Medieval Sherwood Forest was criss-crossed by a myriad of roads running over and through he vast areas of heathland, wood-pasture and woodland, which made up the landscape. Some of them joined up the many forest communities, and others were major truck roads joining up the Forest with the wider world.

It is perhaps the presence of such roads, and the fearful journeys along them that helped fuel the many legends of hooded outlaws roaming the woods.

The King’s Highway to York ran from Nottingham up the eastern side of the forest. This important road took traffic north and south under the watchful eye of Nottingham Castle, the strategic castle perched on its lofty cliffs of sandstone close to the crossing of the River Trent.

Thee other great highway passing north and south through Sherwood Forest ran up the western side from Nottingham to the great royal manor of Mansfield.

A third major road ran along the southern edge of the forest, following the northern bank of the River Trent, hugging the bottom of the Clay ridge of the Mercia Mudstones, taking traffic from Nottingham to the Archbishop of York’s manor at Southwell- the religious heart of the county.

A medieval cart - an expert from the 13th century Luttrell Psalter

Picture: A medieval cart - an expert from the 13th century Luttrell Psalter.

Alongside these major highways were a large number of smaller roads which travelled across the forest.

Some of them were ‘Pack mans’ ways- little more than footpaths or ‘causeys’ (causeways), for pedestrian use.

There also other medium sized route ways providing cart track ways between settlements.

Many of these road s are listed on a late 14th century or early 15th century map of the Forest.

Some of these carry descriptive names such as:

‘ye ryge (ridge) way’,


‘ye brome (the broom) gate’ (from Gata meaning road in Old Scandinavian).

Others carried the name of the settlement through which they passed, or were near to:

‘Papulwyk (Papplewick) Way’,


‘ye roide of Buluel' (the road of Bulwell).

One road is named ‘Egmanton Way’ after the viallge of Egmanton on the eastern edge of Sherwood Forest.

However there is a puzzle as to why it carries this name, as is not shown as being in or near to the village of Egmanton at all.

Egmanton village lay four miles to the east of the 13th century forest boundary near to the larger and more prominent village of Laxton.

Egmanton had a Motte and Bailey Castle in its centre , but was considerably smaller in stature as a village than its neighbour at the time.

Laxton had been the seat of the keepers of Sherwood Forest since the De Caux dynasty, who were hereditary keepers through marriage into the D’Everingham family up until the late 13th century.

Laxton had been remodelled during this time and may well have had pretensions of becoming a market town (Challis 1994), until keepership was stripped from the D’Everinghams for breaking the very Forest Laws they were in post to oversee.

Any road heading in that direction, at that time, would most likely have been called ‘Laxton Way’ not not have been named after the less important village of Egmanton.

So what reason could there be for the name of the road ‘Egmanton Way’?

The location of Egmanton, and the relative positioning of the name on the Belvoir Map suggests it ran from a location to the south-west, towards Egmanton in the north-east.

It is important therefore to understand where the road may have been leading to Egmanton from…

To the south-west, on the western side of Sherwood Forest lies Newstead Abbey, formerly Newstead Prior.

Newstead was home to a community of Augustinian Priors who were known as the ‘Priors of Sherwood Forest’.

They were granted lands around Nottinghamshire for their Priory at Newstead- founded in the late 12th century by Henry II.

As time passed many more parcels of land and other offerings were granted to the priory.

Newstead Abbey, Nottinghamshire.
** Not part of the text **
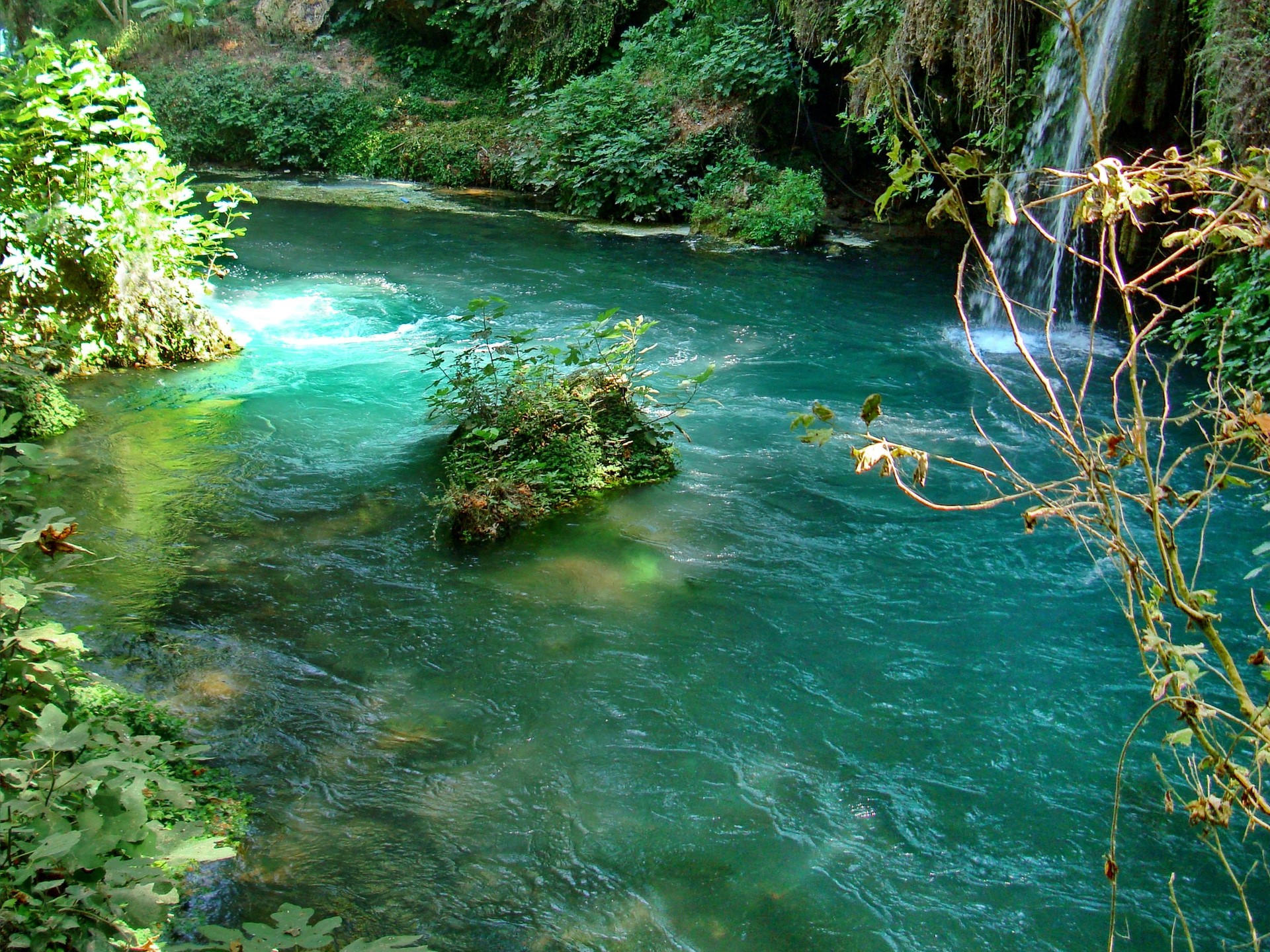 Turquoise river flowing through a forest with a waterfall HD Wallpaper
Formerly a medieval priory of Augustinian Canons.

Picture: Newstead Abbey, Nottinghamshire. Formerly a medieval priory of Augustinian Canons.

The Newstead Cartulary of 1344 contains record of the land granted to the Priory by people wishing to secure a place in heaven, and eternal peace.
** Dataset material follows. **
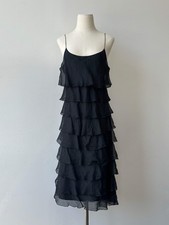 Vintage 2000s Pure Silk Tiered Ruffle Slip Dress - M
One such entry is a licence to appropriate the Church of Egmanton on 31st October 1315:

Edward by the grace of God King of England, Lord of Ireland, and Duke of Aquitaine, to all to whom the present letters shall come, greeting. Know ye that of our special grace we have granted and given licence on behalf of us and our heirs, as far as in us lies, to our beloved in Christ, the Prior of Newstead in Shyrewode, and the Convent of the same place, that they themselves may appropriate the church of Egmanton, in the diocese of York, which is of their own advowson, and having appropriated it, may hold it to their own use for themselves and their successors for ever, without annoyance or hindrance by us or our heirs, Justices, Escheators, Seriffs, or others our Bailiffs or Ministers whomsoever. The statute of Mortmain notwithstansding. In witness thereof we have had these our letters made patent. As witness myself at Clypston, the thirty-first day of October, in the ninth year of our reign’.
(Gray (Ed.) 1940).

Notice that Edward II was staying at his favoured royal retreat at Clipstone (see King John's Palace page for more details).
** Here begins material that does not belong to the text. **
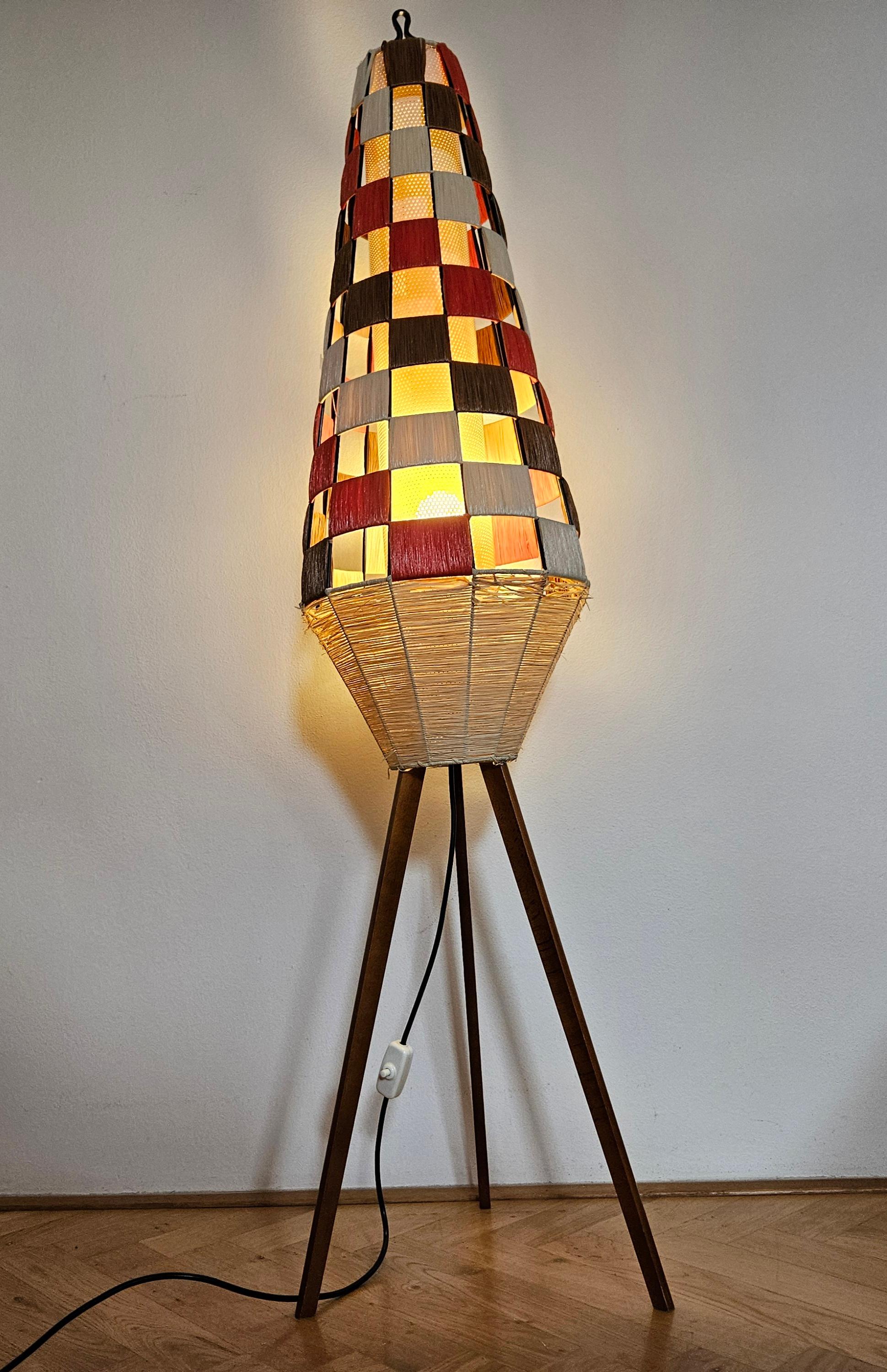 Rare Midcentury Floor Lamp Rocket, Tripod, Germany, 1960s For Sale 6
So the Priors of Newstead owned the church at Egmanton from 1315 onwards (actually 1329, see below).

It would seem likely then that the name of the road reflects this land grant by King Edward II to the Priors of Sherwood- the road linked Newstead Priory to its church in Egmanton.

But why would the church at Egmanton be of such significance to the monks of Newstead, and why were they granted the church?

The reason lies in the financial hardship that was being endured by the Priors in the early 14th century.

Also in the presence at Egmanton of a shrine, which was the centre for pilgrimage.

To put it bluntly in medieval times pilgrimage meant money.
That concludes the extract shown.